Both men were top students and athletes at Fordson High School in Dearborn and have been in the Washington County Jail for a week.
Similar cases involving suspicious bulk purchases of cell phones by men of Middle Eastern descent in Texas and California were investigated by the FBI in the last year and determined to have no connection with terrorism.
Though it makes sense to be cautious, "it sounds more likely that it is a commercial venture," said Jean-Robert Leguey-Feilleux, a political science professor and expert on Mideast terrorism at St.

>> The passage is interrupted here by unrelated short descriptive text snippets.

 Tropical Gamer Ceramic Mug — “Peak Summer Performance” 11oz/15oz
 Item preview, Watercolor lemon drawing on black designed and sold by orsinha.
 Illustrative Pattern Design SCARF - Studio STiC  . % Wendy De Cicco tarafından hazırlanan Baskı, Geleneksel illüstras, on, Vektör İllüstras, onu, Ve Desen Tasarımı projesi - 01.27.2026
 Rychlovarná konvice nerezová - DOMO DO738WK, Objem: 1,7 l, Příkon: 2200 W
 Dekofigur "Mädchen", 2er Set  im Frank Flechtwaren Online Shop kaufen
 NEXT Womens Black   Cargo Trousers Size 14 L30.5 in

Louis University.
It's true cellular telephones can be used to detonate bombs, but why would terrorists need to purchase so many at one time in a manner that would be likely to arouse suspicion, Leguey-Feilleux asked.
"I doubt very much that many bombs would be on an assembly line," he said.

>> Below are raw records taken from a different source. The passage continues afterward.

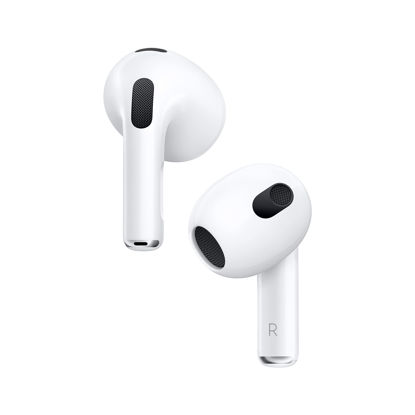 Picture of Apple AirPods (3rd Generation) Wireless Ear Buds, Bluetooth Headphones, Personalized Spatial Audio, Sweat and Water Resistant, Lightning Charging Case Included, Up to 30 Hours of Battery Life
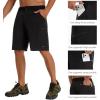 image:imageBASSDASH Mens 10 Hiking Cargo Shorts Quick Dry Water Resistant Lightweight Outdoor Shorts for Fishing Camping GolfBlack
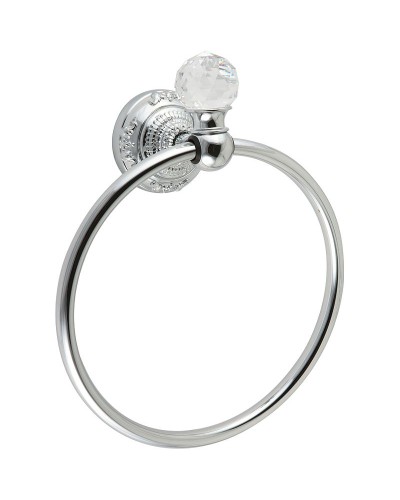 Кольцо для полотенец Migliore Cristalia 16805 Хром с кристаллом Swarovski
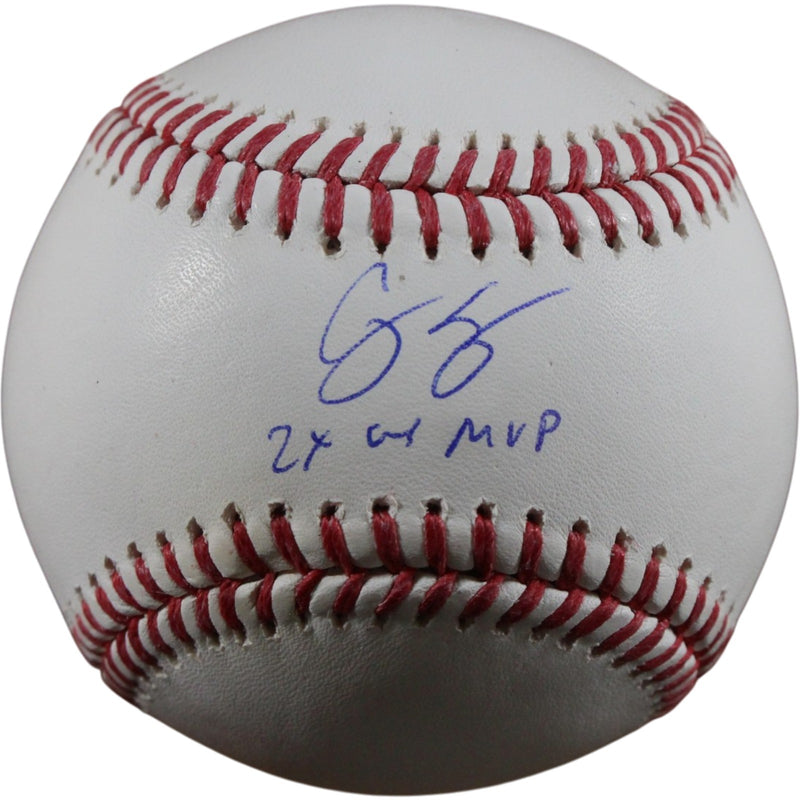 Corey Seager Autographed Texas Rangers Baseball (2x WS MVP Inscription)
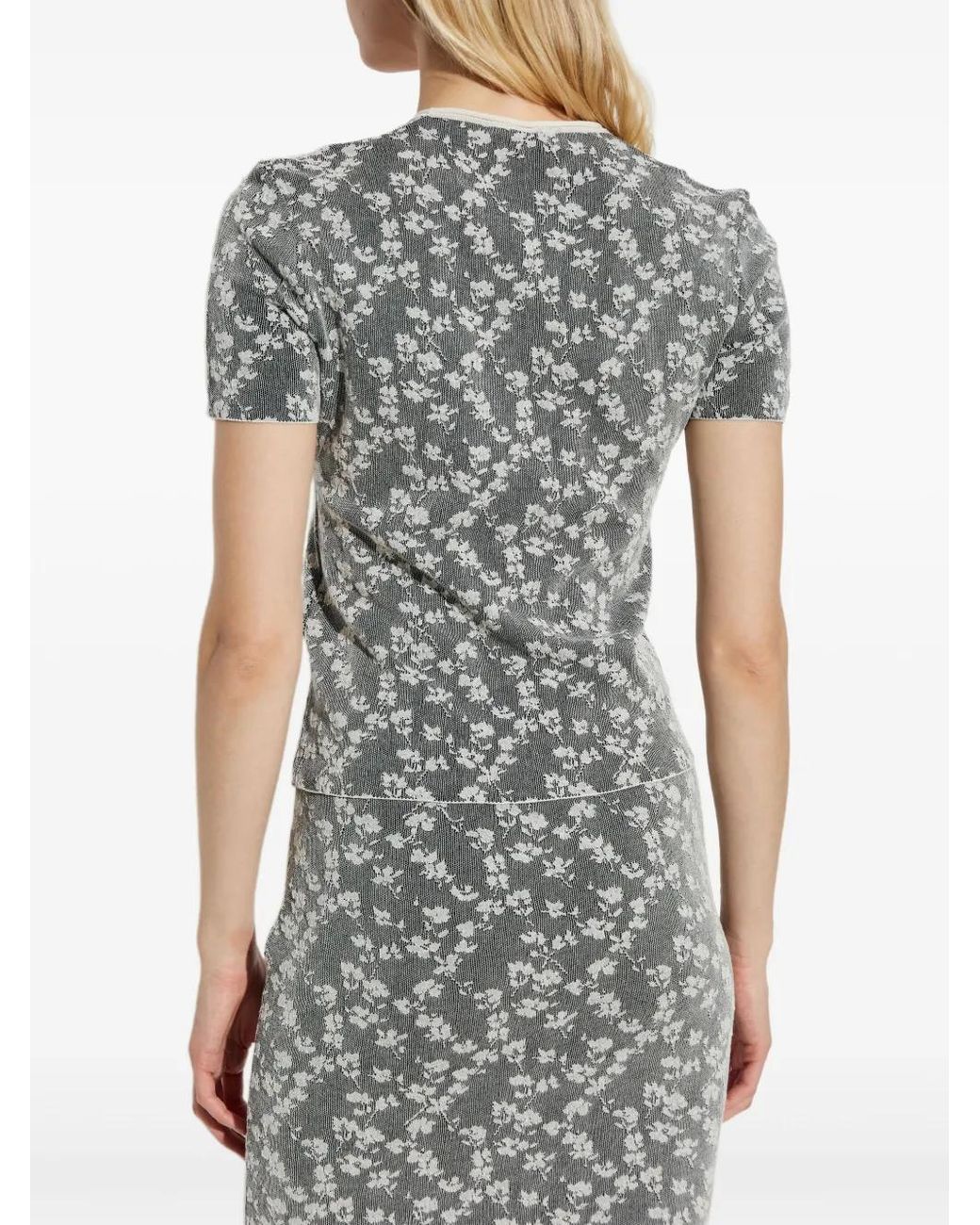 Fendi Gray Laced T-Shirt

Osama Siblani, executive director of the Council of Arab American Organizations and the publisher and editor of the Arab American News, said the Tuscola County charges are unfounded.
"To think that these men are wanting to blow up the Mackinac Bridge, just because they are Arab men with some cell phones," Siblani said. "How silly."
Moneymaking schemes
Mike Newman, vice president of ReCellular Inc. in Dexter, said certain companies will sell prepaid telephones at a loss because the phones are programmed so they only can be used with that particular company's telephone calling cards.
Newman said he's heard of a possibly illegal scheme involving middlemen who know how to unlock the software so the phones are no longer dependent on one company's calling cards or pre-paid services.
Derek Hewitt, senior vice president of marketing for TracFone in Miami, said similar schemes in which his company's phones are bulk-purchased and altered so they can be used without TracFone service "cause extensive losses" to his company.
Manufacturers' concerns are the reason Wal-Mart limits cell phone sales to three phones per transaction, the company said in a statement.
Tony Margis, deputy chief of police in Hemet, Calif., said a Target clerk became suspicious after Middle Eastern men tried to buy about 60 cell phones on New Year's Eve. The FBI investigation "found it was not nefarious," Margis said.